No dia 03 de Novembro, o site The Intercept Brasil publicou uma matéria, assinada pela jornalista Schirlei Alves, que rapidamente ganhou proporções nacionais, fomos apresentados ao caso Mari Ferrer: “chegava ao fim o julgamento do empresário André de Camargo Aranha, acusado de estuprar a jovem promoter catarinense Mariana Ferrer, de 23 anos, durante uma festa em 2018. Ele foi considerado inocente.” Com o detalhamento do texto surgem as circunstâncias: “Segundo o promotor responsável pelo caso, não havia como o empresário saber, durante o ato sexual, que a jovem não estava em condições de consentir a relação, não existindo portanto intenção de estuprar (…).”(1)

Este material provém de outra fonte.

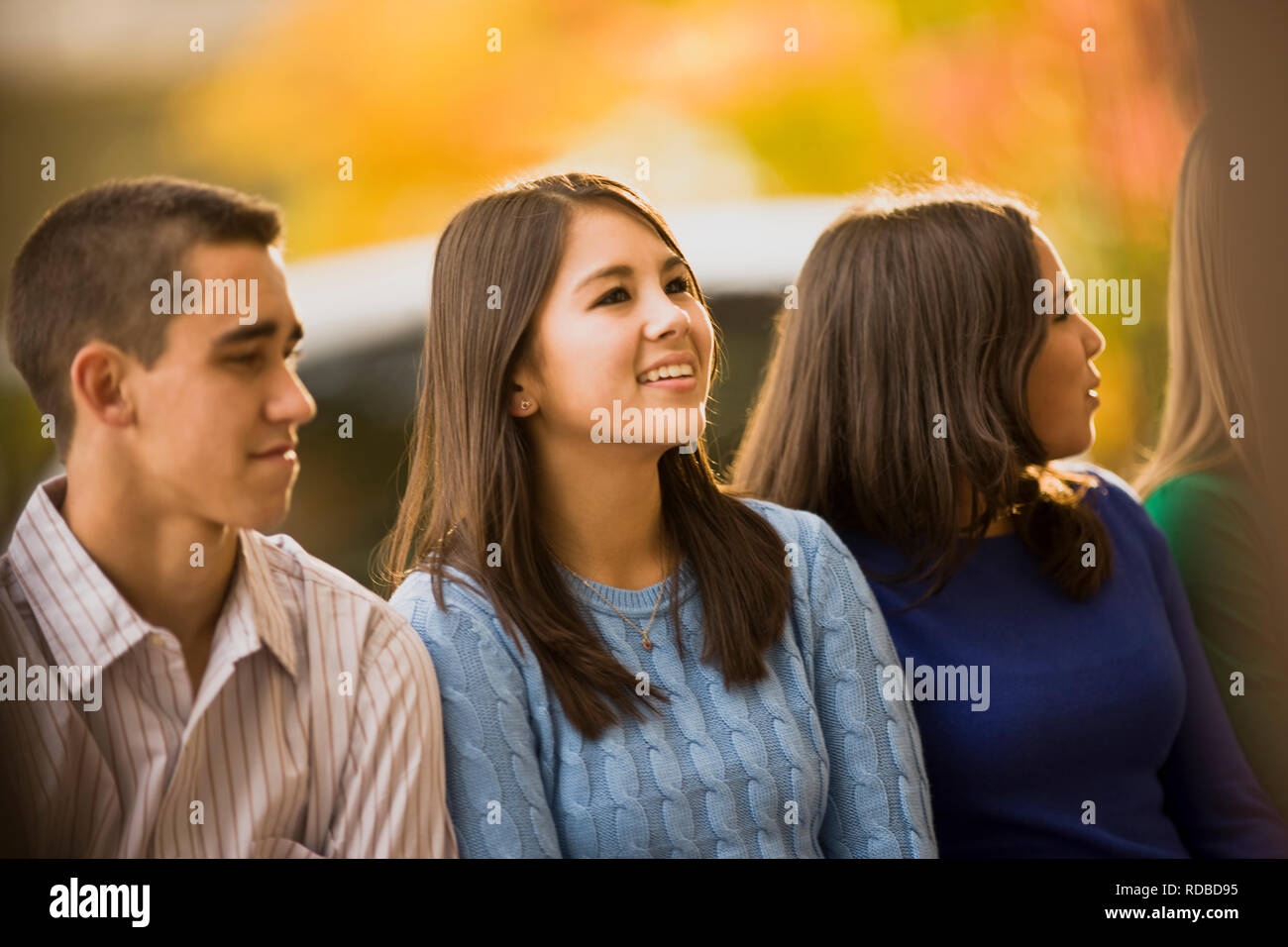 Friends smiling together Stock Photo - Alamy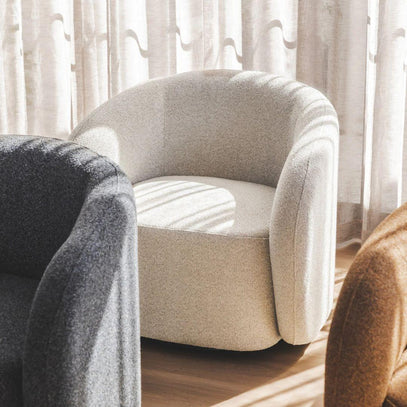 Emily Swivel Chair featured in a stylish living room, showcasing its function as a contemporary swivel armchair in Hertex Comet fabric.
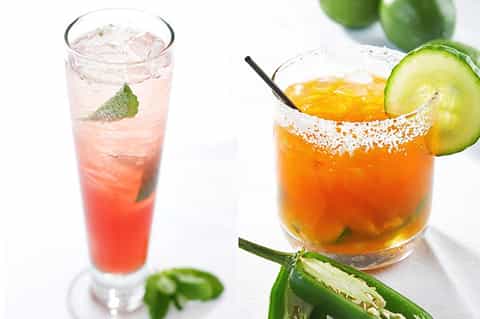 Two tropical cocktails: a pink drink with mint and ice, and an orange margarita with salt rim and cucumber slice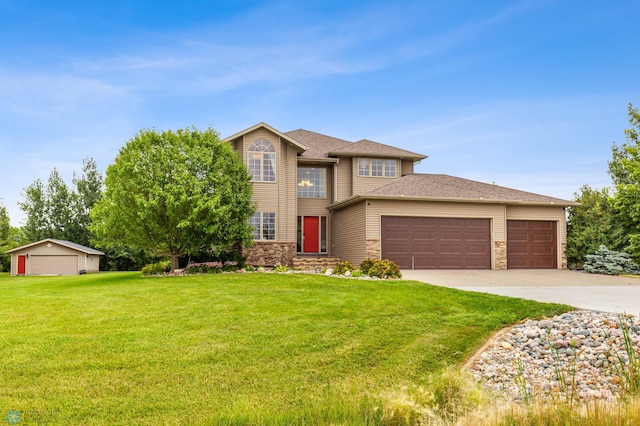 view of front facade featuring a garage and a front lawn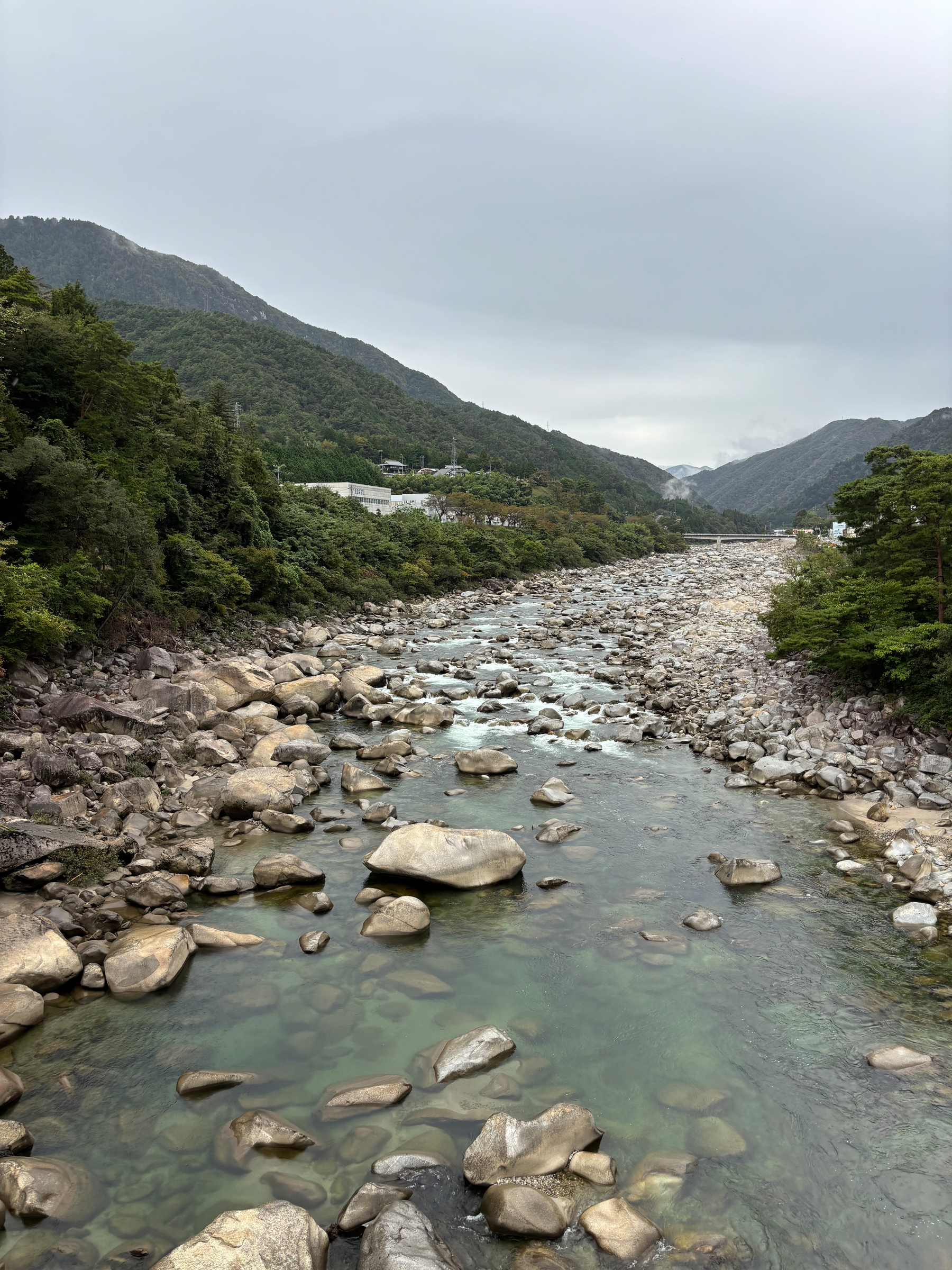 View of a rocky river in Nagiso, Nagano, that winds up to the misty mountains.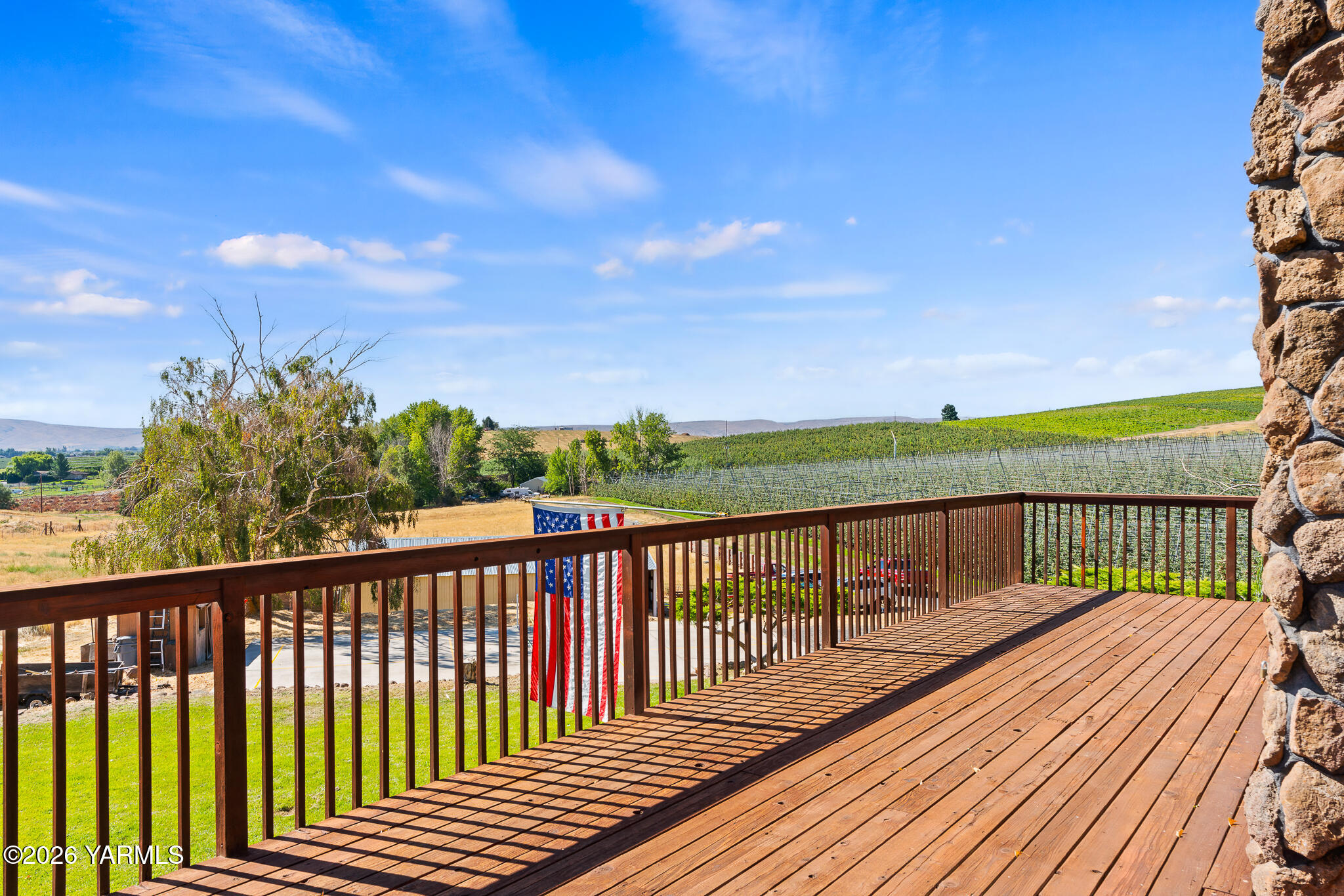 13619 Summitview Ext Road Yakima, WA 98908 - Photo 45 of 56 a view of a balcony with wooden floor & fence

Mediante todo o debate jurídico que se abriu, principalmente em torno do questionamento (absurdo) se existe “estupro sem intenção”; ou das perguntas sobre onde estava o advogado ou advogada da vítima e qual o papel do Ministério Público em um processo (nos acostumamos, infelizmente, a ver o Ministério Publico servir como ‘advogado de acusação’) o que mais causa revolta na reportagem é o vídeo da audiência, onde vemos o advogado de defesa Cláudio Gastão da Rosa Filho mostrando cópias de fotos sensuais da vítima e afirmando que “jamais teria uma filha” do “nível” de Mariana.
O advogado deu bom exemplo do pra que servia a anacrônica e felizmente passada expressão “mulher honesta”, que só foi retirado do código penal brasileiro em 2009. Nelson Hungria, o presidente da Comissão Revisora do Anteprojeto do Código Penal de 1969, definia o termo: “como tal se entende, não somente aquela cuja conduta, sob o ponto de vista da moral sexual, é irrepreensível, senão também aquela que ainda não rompeu com o minimum de decência exigida pelos bons costumes. Só deixa de ser honesta (sob o prisma jurídico-penal) a mulher francamente desregrada, aquela que inescrupulosamente, multorum libidini patet, ainda não tenha descido à condição de autêntica prostituta. Desonesta é a mulher fácil, que se entrega a uns e outros, por interesse ou mera depravação (cum vel sine pecúnia accepta)”.(2)
Diante dessa cena, não é de se estranhar que vejamos a jovem vítima chorando e clamando por respeito, contudo se de um lado assistimos, de forma indigesta e cruel, o papel reacionário que cumpriu o advogado de defesa, não vemos do outro, infelizmente, a intervenção do juiz Rudson Marcos, da 3ª Vara Criminal de Florianópolis, para defender Mariana, e por consequência, todos os supostos valores do nosso combalido sistema de justiça.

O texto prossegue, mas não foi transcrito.